Diese Vorschrift gibt dem Finder ein Zurückbehaltungsrecht an der gefundenen Sache. Wer eine verloren gegangene Sache auffindet und Ansprüche auf Ersatz von Aufwendungen nach § 970 oder auf Finderlohn nach § 971 hat, muss die Fundsache nicht sofort herausgeben.

Das Gesetz verweist hierfür auf die §§ 1000 bis 1002, die Rechte des Besitzers gegenüber dem Eigentümer regeln.
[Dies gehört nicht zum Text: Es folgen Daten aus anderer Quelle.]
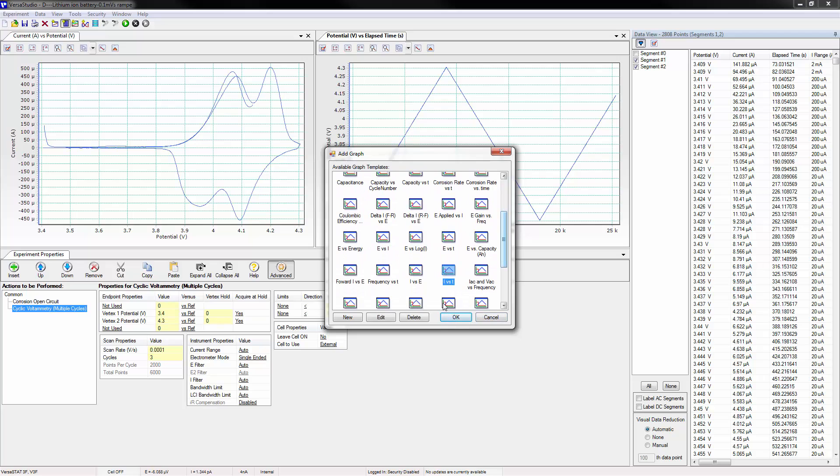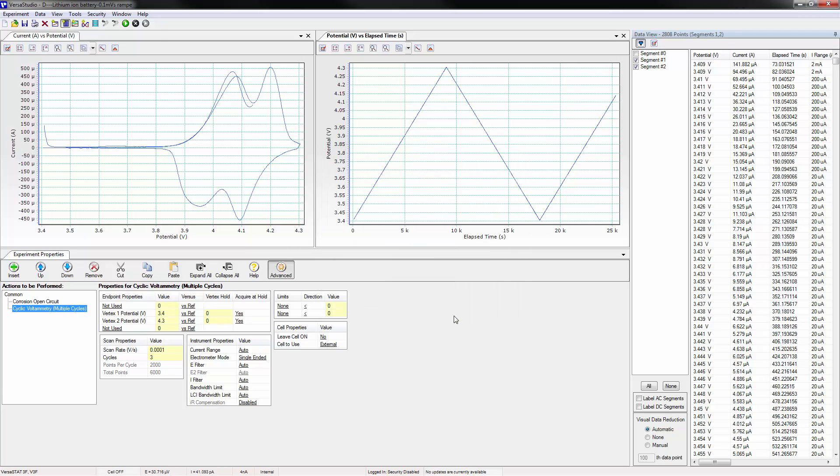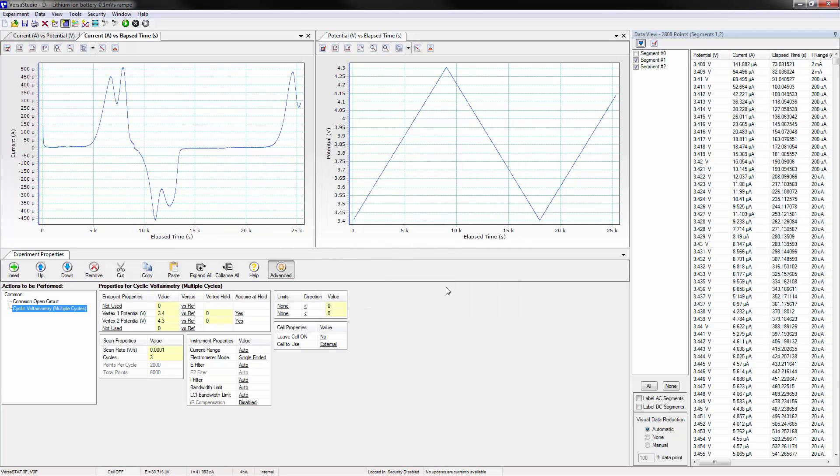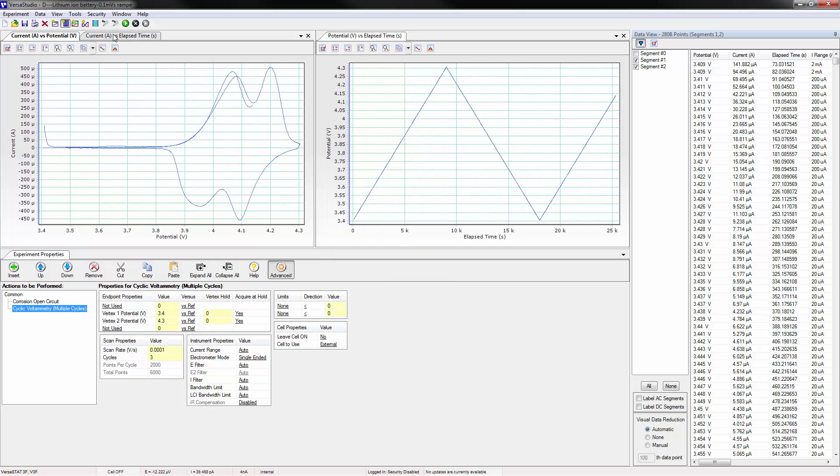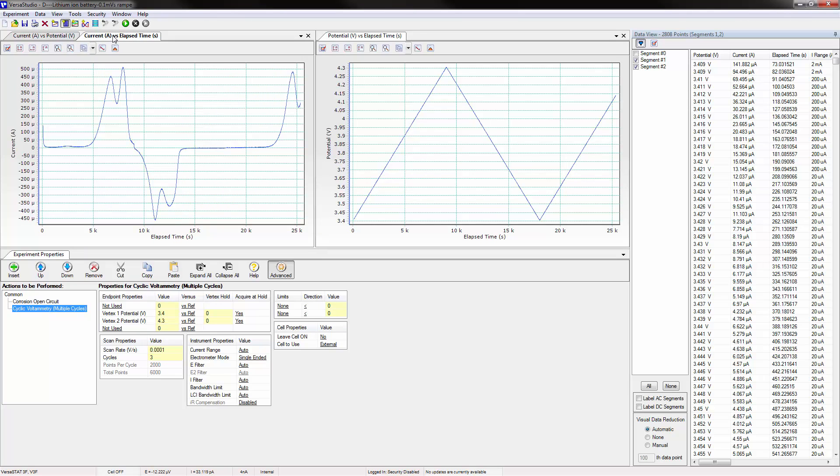If another graph is added, it will again default to the original graph window accessible by its tab. It can also be docked as shown before.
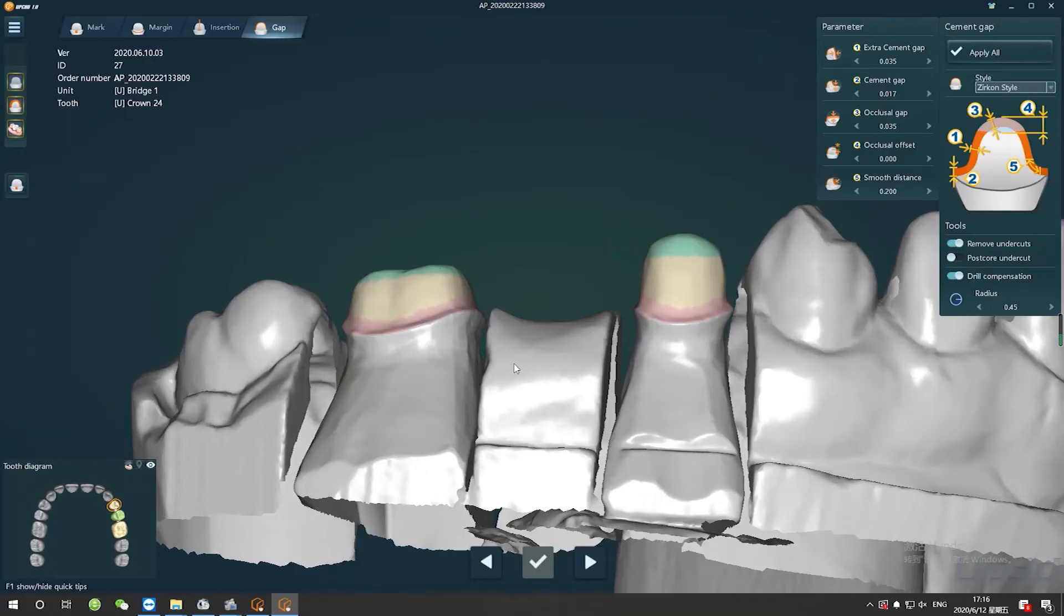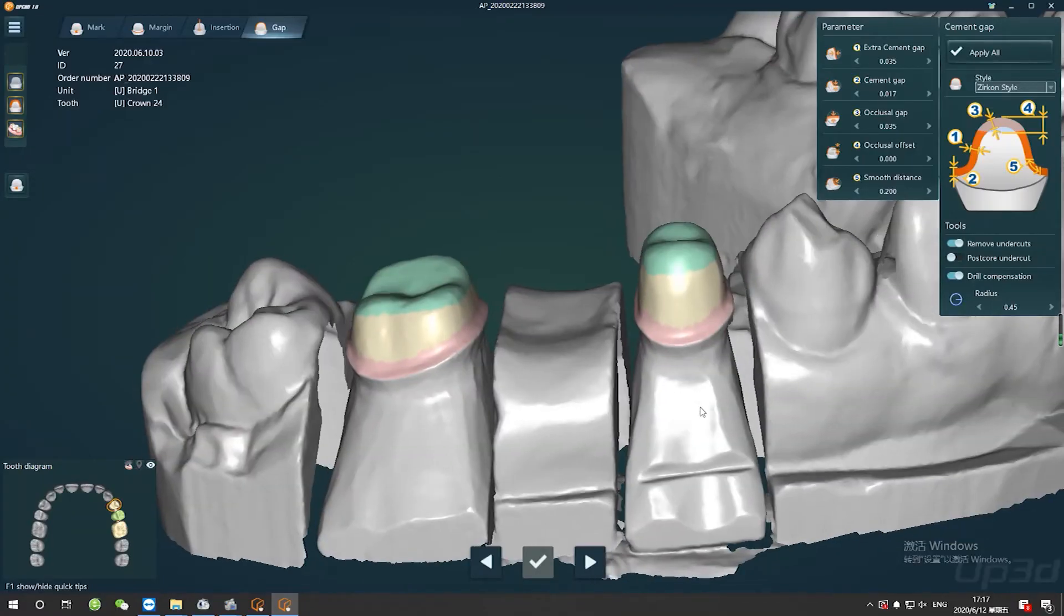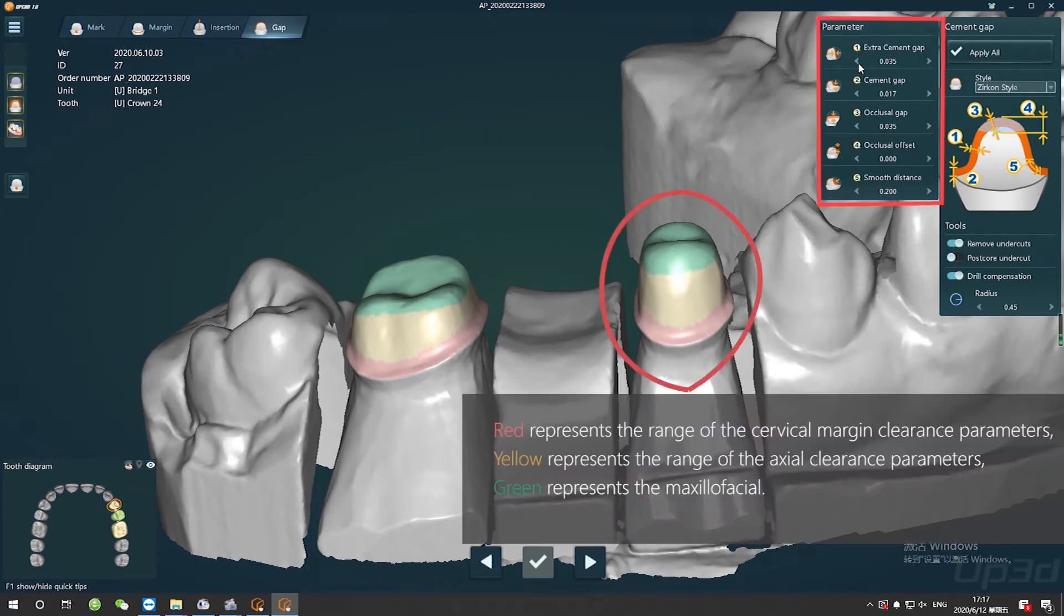Step 4. This demonstration shows the adjustment of the basic gap parameters, which are related to the crown tightness. If the crown is red, that means the range of the margin gap parameters that it's working on. If the crown is yellow, shows the range of axial gap parameters that it's working. And the green represents the maxillofacial.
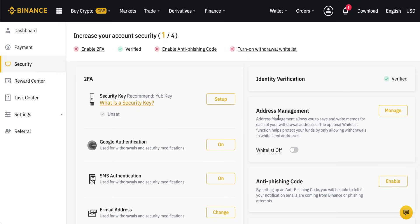In order for anyone to change these addresses, they will have to go through a second authentication either via email or SMS message. I'd recommend turning this on just to increase the security of your account. There are the withdrawal options from Binance for both cryptos and fiat currencies. Make sure to like and share this video if it was useful, and subscribe to the channel for more content like this.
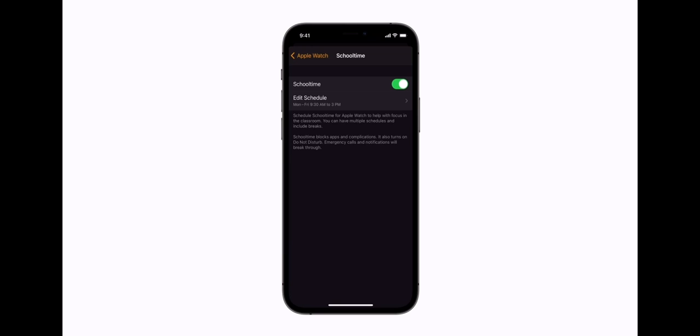You can turn school time on or off manually, or change the schedule anytime, even while your child is at school or at a different location than you.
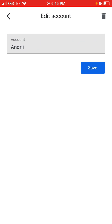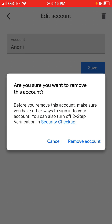A prompt will ask: 'Are you sure you want to remove this account?' Before you remove this account, make sure you have other ways to sign in. You can also turn off two-step verification in your security checkup.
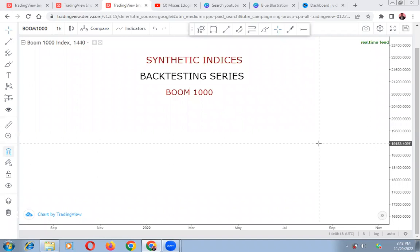Hi fans, welcome to my channel. I started the backtesting series on synthetic indices a few days ago, and in today's video I'll be looking at Boom 1000. We are going to work together through the chart and see what Boom 1000 has been doing. Remember the checklist first.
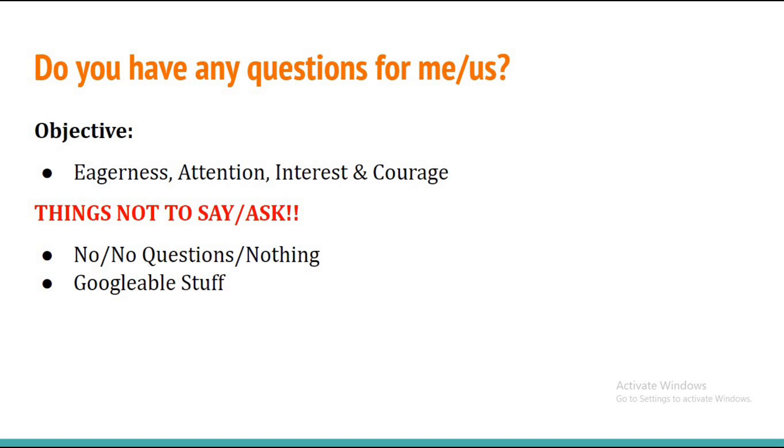Never ask about the stuff which you could have simply googled. That's a proper waste of the time of your interviewer. Never ask questions which are yes-no type questions.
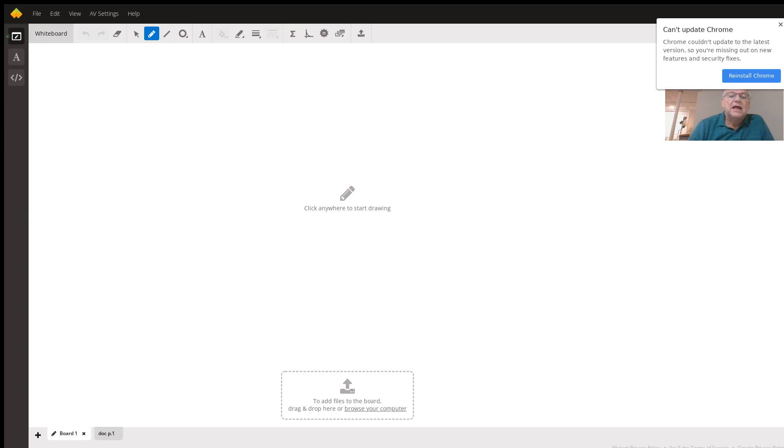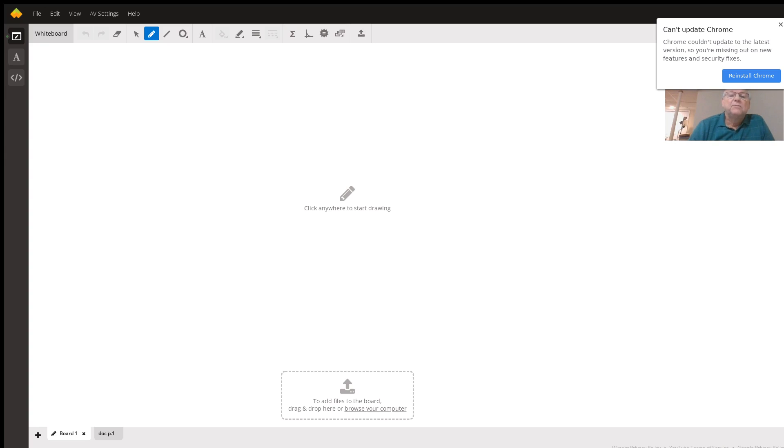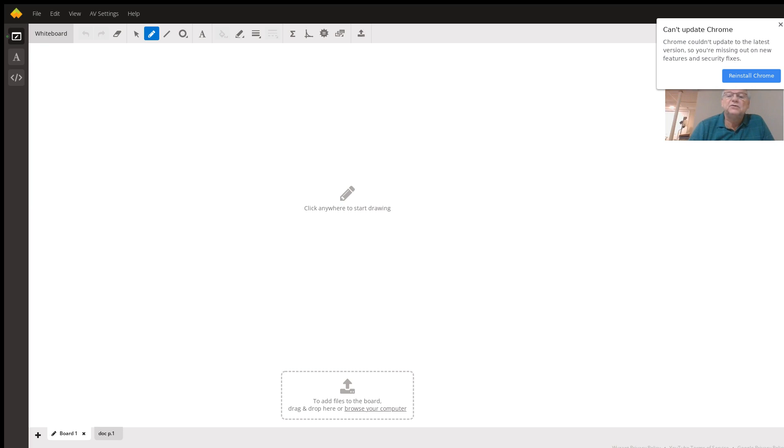And that is going to be 15,000 newtons per coulomb times two meters squared, since the two meters squared is perpendicular to the electric field. That's equal to 30,000 newton meters squared per coulomb.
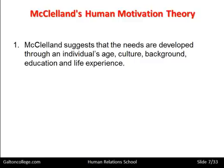He suggested that the needs are developed through an individual's age, culture, background, education, and life experience. So where we get the three needs — achievement, affiliation, and power — will be in part related to some other aspect of our lives. Our age, our culture, our background, our education, our life experiences. So we're bringing something within us which makes us want achievement, affiliation, or power. These are the background influences.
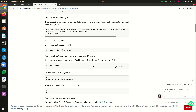After PostgreSQL is successfully installed, we have to create a database user role for handling Odoo databases. This can be done using two commands. First, let's enter into postgres using the command 'sudo su postgres'.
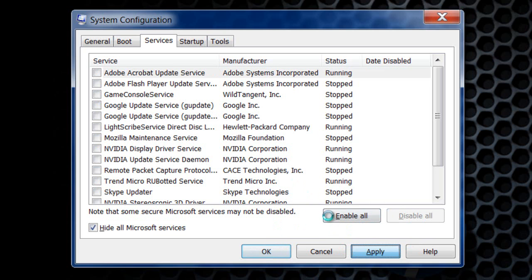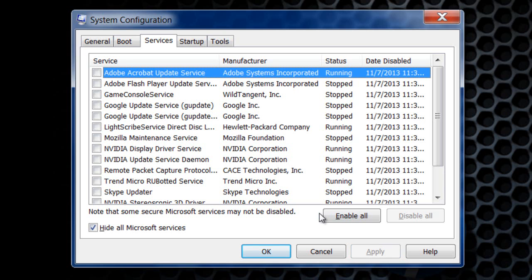This will fix any type of installation problems with software or anything like that. This will help you solve it because you'll be running in a minimal state. You don't have any Microsoft services going on. You're running at a minimal state. So you want to click OK.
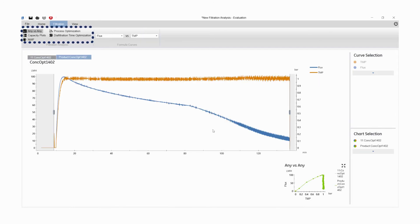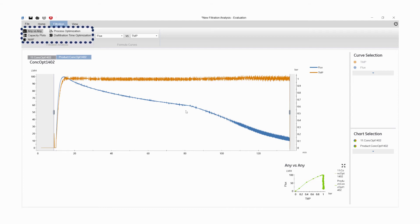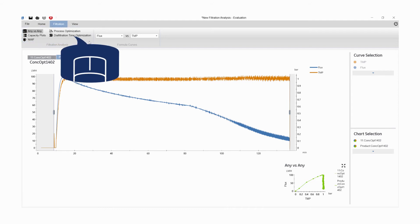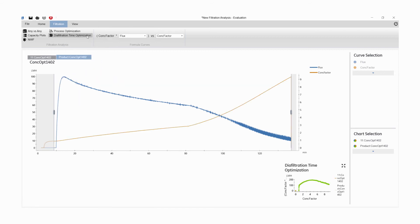The Any vs. Any algorithm will be applied to the selected results by default. Select Diafiltration Time Optimization algorithm from Filtration Analysis.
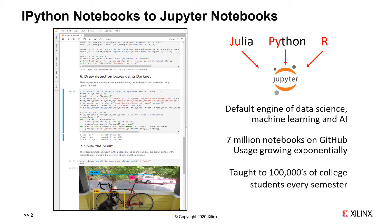Jupyter Notebooks have become the default engine of data science, machine learning, and artificial intelligence. Approximately 7 million notebooks are estimated to be on GitHub currently, with usage growing exponentially, and the technology is taught to hundreds of thousands of college students each year.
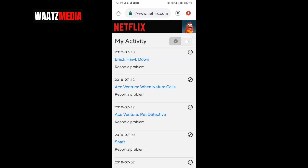Scroll all the way down to My Profile and click on Viewing Activity. Here you can see My Activity. First we've got Black Hawk Down, and I want to delete this from my continue watching. To do this, just click on the delete button to the right.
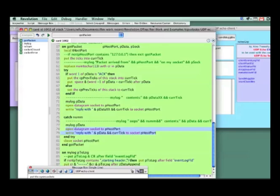Let's go back up to what I'm trying to do. If word one of the data is A-C-K, then I'm sending an acknowledgement of something. I set a custom property of this stack to whatever the current tick is, and then I'm putting space and then the word after the data so that I'm logging this for me.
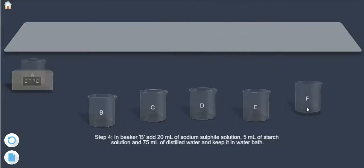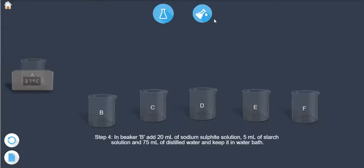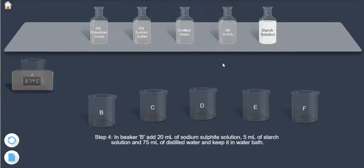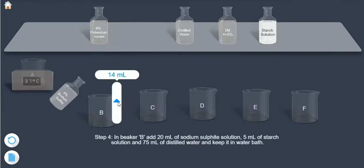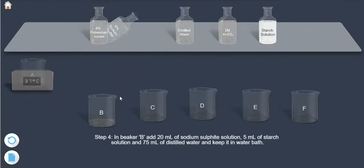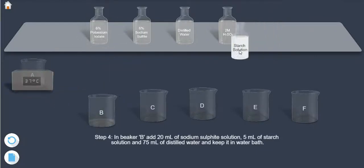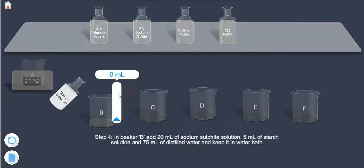Step 4: In beaker B, add 20 ml of sodium sulfate solution, 5 ml of starch solution, and 75 ml of distilled water, and keep it in the water bath.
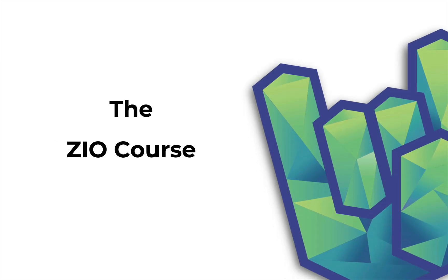Hey everyone, this is Daniel for Rock the JVM and this video is about the fresh new ZIO course that I've just launched. The ZIO course has been the most highly anticipated course of the year and I'm super excited about it, which is why I wanted to take a few minutes to show you what this course contains and how it can benefit you.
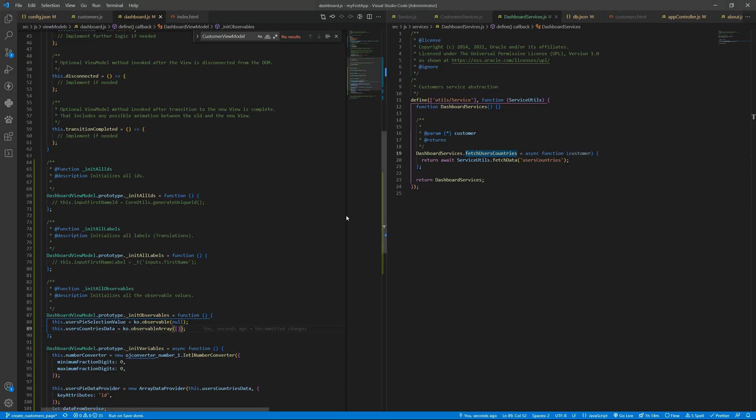So maybe I was too fast, let's recap. We added the new dashboard services abstraction.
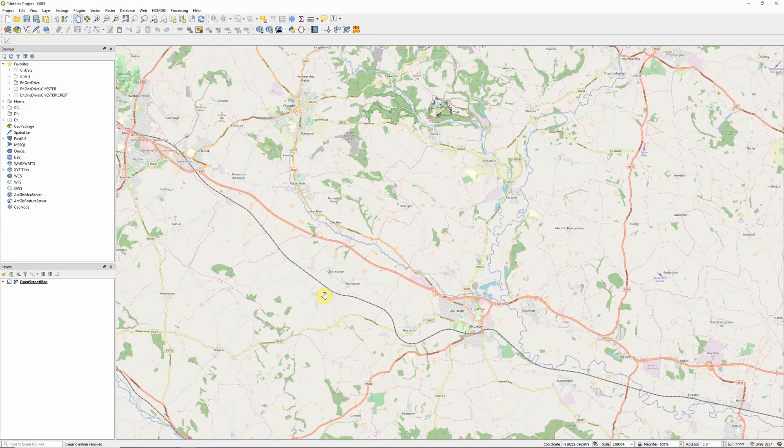Hi there. In this video I'm going to show you how to download Sentinel-2 satellite imagery ready for analysis in QGIS 3.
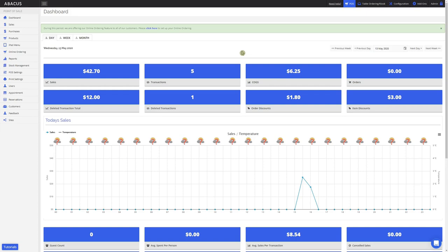Before we get into those, I'll just show you some of the filtering options. On the left here, we can filter these statistics by day, week and month view. Currently I have it set to day view.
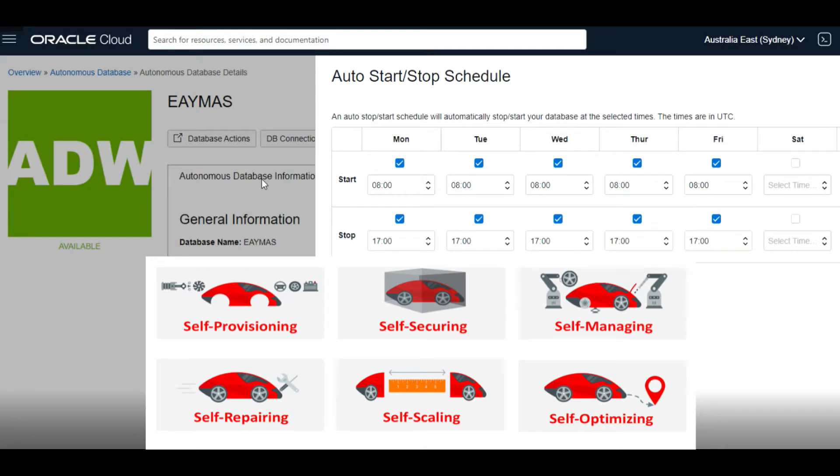Hi everyone, my name is Monwar. In this video I will show you how easy it is now to set up auto start and stop schedule for an Autonomous Database to minimize the cost.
Die Herausgabe der Fundsache kann verweigert werden, bis der Eigentümer die geschuldeten Beträge begleicht oder entsprechende Sicherheit leistet.

Wann sie gilt

  • Ein Finder hat einen entlaufenen Hund versorgt und verweigert die Herausgabe, bis der Eigentümer das Futtergeld erstattet.
  • Ein Finder behält eine verlorene Tasche zurück, solange der Eigentümer den verlangten gesetzlichen Finderlohn nicht bezahlt.
  • Ein Finder hat notwendige Bergungskosten für ein ins Wasser gefallenes Gerät ausgelegt und macht das Zurückbehaltungsrecht bis zur Erstattung geltend.

Was dieser Paragraf nicht sagt

  • Das Recht, eine Fundsache wegen anderer Geldforderungen einzubehalten, die nicht im Fund begründet sind.
  • Der dauerhafte Eigentumserwerb an der Sache allein durch Verstreichen von Zeit.
  • Funde in öffentlichen Behörden oder Verkehrsanstalten, für die gesonderte Vorschriften gelten.